"Jesus Juice" was allegedly what Jackson called wine in attempts to coax children into drinking it, according to charges aired in the trial. Last month, the couple provided artwork for the trademark that (mockingly in my opinion) portrayed Jackson as a Christ-like figure in a crucifixion pose.
The story came to our attention yesterday from a posting on the Newsbusters blog, under the headline: "CBS Producer Peddles 'Jesus Juice' Wine Label." It showed up today in the New York Daily News, courtesy of the "Rush and Molloy" gossip column. It's also mentioned on the Smoking Gun Web site.
I spoke to Rheins about it and he called the whole effort "a very bad attempt at a spoof." Rheins said he and his wife make their own wine and intended to produce a small number of "Jesus Juice" bottles to give to friends, some of whom covered the Jackson trial alongside of Rheins. He said there was never an intention to profit in any way from the effort.

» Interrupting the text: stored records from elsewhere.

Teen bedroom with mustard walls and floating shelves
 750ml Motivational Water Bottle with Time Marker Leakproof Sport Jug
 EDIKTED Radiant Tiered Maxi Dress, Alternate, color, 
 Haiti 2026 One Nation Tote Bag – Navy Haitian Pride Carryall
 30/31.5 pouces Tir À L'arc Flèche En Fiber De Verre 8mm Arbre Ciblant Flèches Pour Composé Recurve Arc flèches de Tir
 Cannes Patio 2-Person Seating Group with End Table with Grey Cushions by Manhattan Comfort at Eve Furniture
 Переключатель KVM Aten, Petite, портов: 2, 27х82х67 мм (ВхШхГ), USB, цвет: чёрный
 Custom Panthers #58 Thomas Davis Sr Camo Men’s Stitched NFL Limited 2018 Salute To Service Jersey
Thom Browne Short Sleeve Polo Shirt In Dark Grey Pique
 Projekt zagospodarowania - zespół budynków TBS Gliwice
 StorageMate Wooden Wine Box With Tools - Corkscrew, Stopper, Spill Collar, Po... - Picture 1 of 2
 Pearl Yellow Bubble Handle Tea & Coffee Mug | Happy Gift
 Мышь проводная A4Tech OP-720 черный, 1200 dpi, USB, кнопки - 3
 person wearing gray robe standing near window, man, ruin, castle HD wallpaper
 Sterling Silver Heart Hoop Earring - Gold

When questioned about filing for the trademark, Rheins said the couple did so because "we didn't want somebody to get hold of it" and make money off of it when they could be traced as the creators. When I asked about reports that they had tried to solicit wineries in a partnership, he told me that his wife had made a "joking reference" on her Web site about seeking partners but they have "never approached any wineries" and if any had contacted them (none did), they would have turned them down.
Rheins wanted to make clear that he understands this to be a sensitive and serious issue for many and that he intended this to be a private matter between himself, his wife and their friends. Calling it a "stupid, bad attempt" at humor, Rheins added, "I understand that people are truly offended and I sincerely apologize for that."
I spoke with Linda Mason, senior vice president for standards and special projects for CBS News about this issue and she said this did not constitute a violation of CBS News standards since "there were no personal profits involved." Mason added, "in retrospect, he realizes it was terribly inappropriate."
Whether or not Rheins' apology is accepted is up to you but this is a difficult issue for Public Eye to address. Correspondents, producers, editors, camera operators and everyone else who works for CBS News or any news organization have private lives as well. They're even allowed to have senses of humor, whims, dumb ideas and practical jokes. While there are standards of behavior for nearly any profession, this particular story falls outside of them. As long as there was no attempt at making money off of a story being covered or use of CBS connections to profit and no clear conflict of interest that would bias the coverage, what employees do on their own time should not be controlled.
For some, Rheins' actions are offensive because they feel it to be an attack on their religious beliefs. Others may be just as offended if they discovered that another CBS producer took on a leading role in their Catholic Church parish, synagogue or even Mosque, feeling that to be an attack on their belief system and proof of some other bias at the network. I take Rheins at his word when he calls the incident a "stupid, bad attempt" at humor but even if you don't, ask yourself where such scrutiny ends.
This particular incident probably has received more attention than it really deserves because there is a good market for criticism of the MSM as a whole and CBS News in particular. It's certainly a reminder to us all of the impact our actions can have on the professions we work in. Don't do anything you wouldn't want to see in the newspaper isn't a bad rule of thumb – for reporters and politicians.